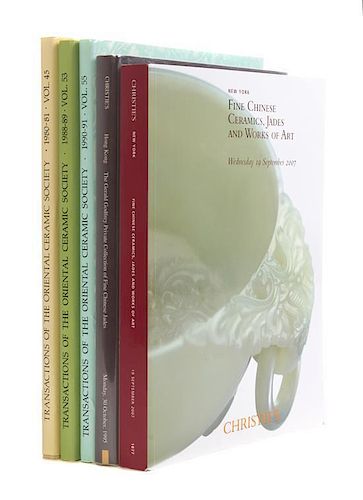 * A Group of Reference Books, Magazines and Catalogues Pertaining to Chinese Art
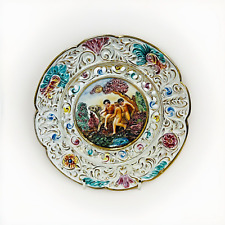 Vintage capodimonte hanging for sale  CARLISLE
...
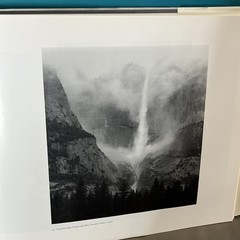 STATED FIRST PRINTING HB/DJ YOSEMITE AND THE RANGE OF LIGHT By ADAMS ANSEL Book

TASK REQUIREMENTS – Set the pictures aside and reproduce exactly the lines above, from the line holding "to Chinese Art" through the line holding "Vintage capodimonte hanging", both included, with nothing else.

ANSWER TO THE PROBLEM –
 * A Group of Reference Books, Magazines and Catalogues Pertaining to Chinese Art
 Vintage capodimonte hanging for sale  CARLISLE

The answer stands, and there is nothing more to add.